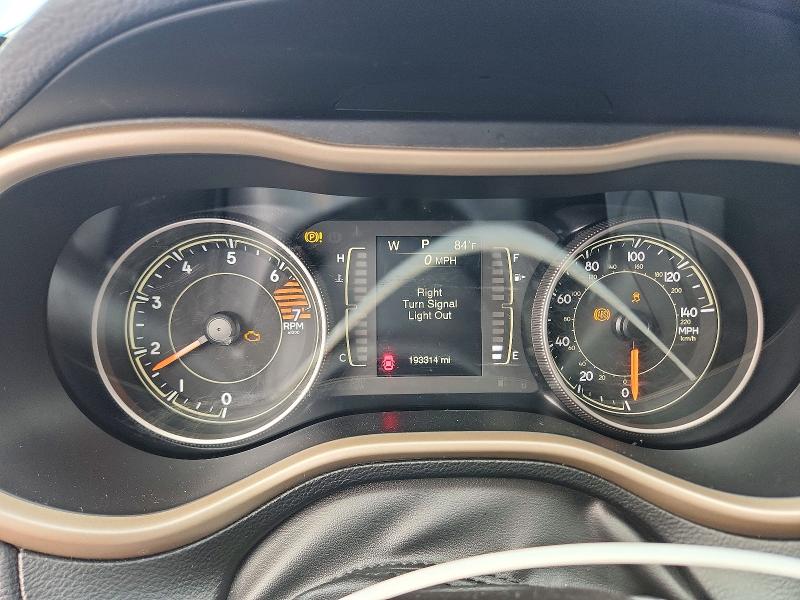 64559786 :رقم المزاد ، 1C4PJLCB0JD590267 vin ، 2018 Jeep Cherokee مزاد بيع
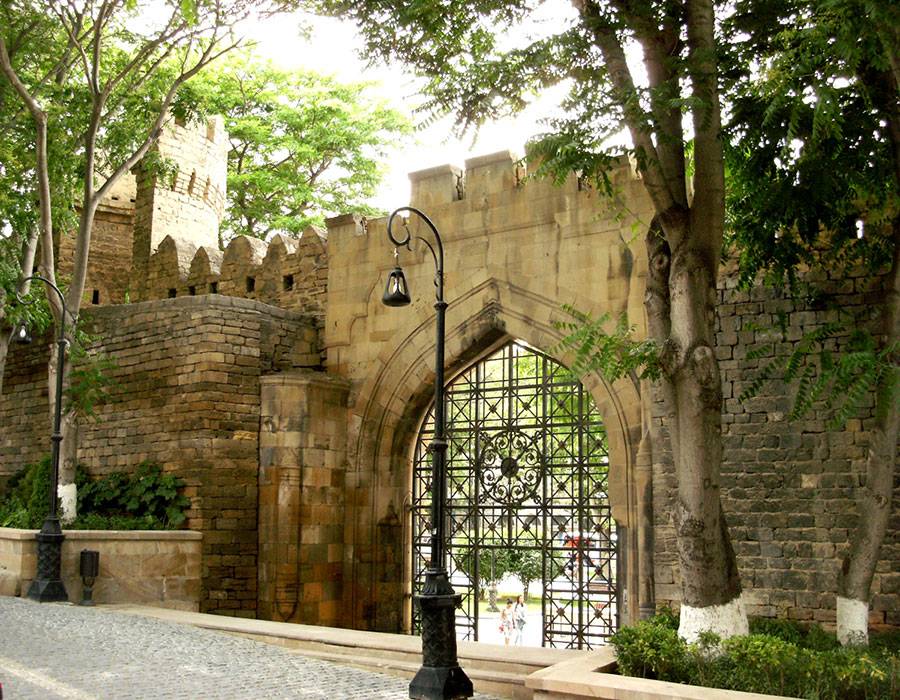 Стены и вход в Ичери Шехер, Баку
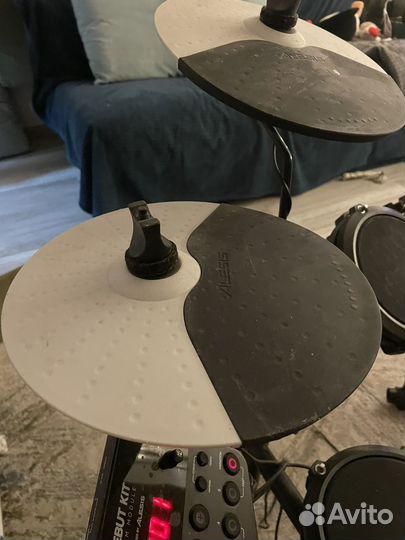 Ударная установка Alesis debut kit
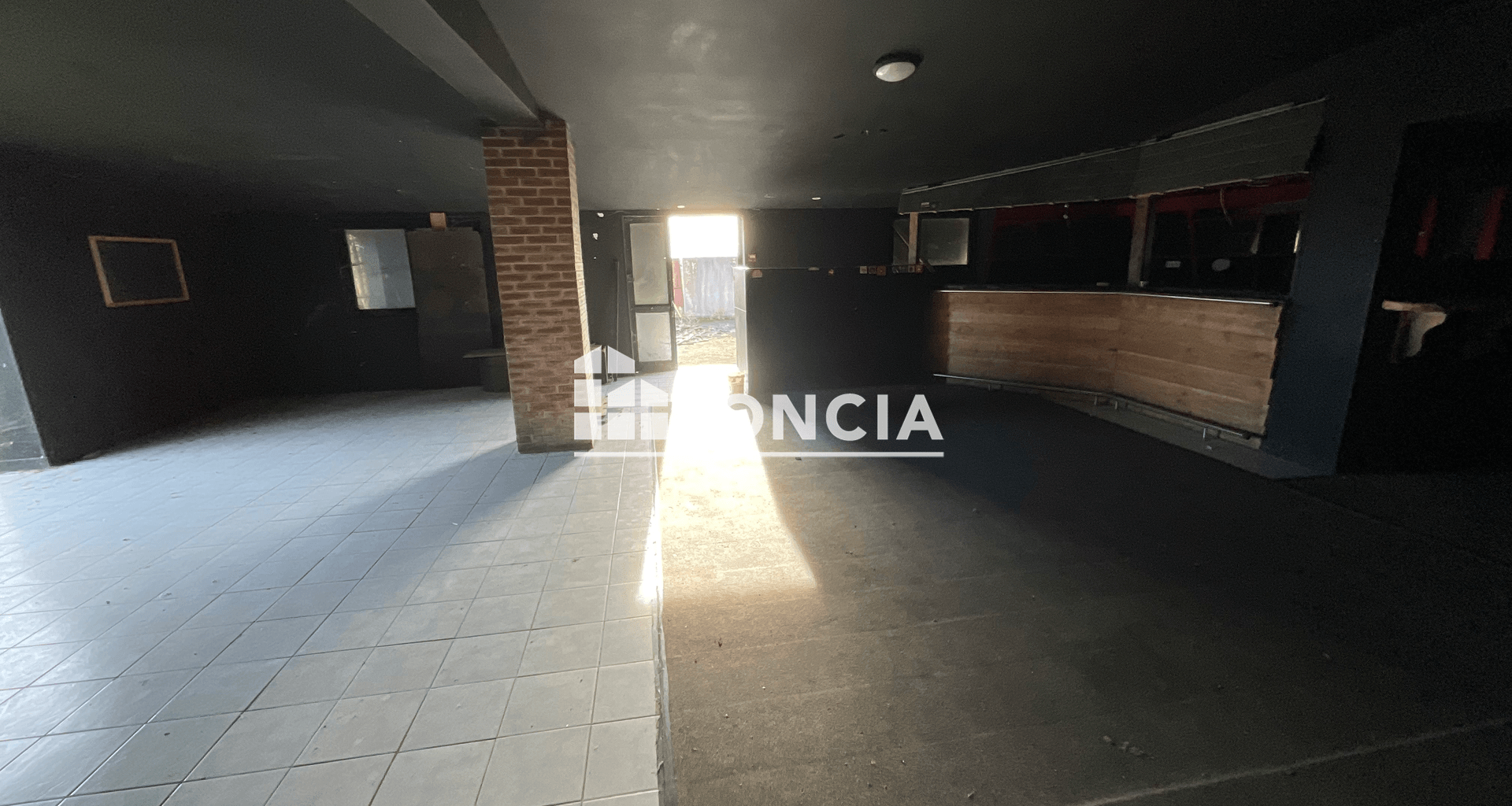 Maison 3 pièces (303 m²) à vendre - Arçonnay (72610)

**Exercise aim:**
Every line from the one with "Стены и вход в Ичери Шехер, Баку" through the end of the material above should be restated word for word, with the pictures left out.

**Completed exercise:**
 Стены и вход в Ичери Шехер, Баку
 Ударная установка Alesis debut kit
 Maison 3 pièces (303 m²) à vendre - Arçonnay (72610)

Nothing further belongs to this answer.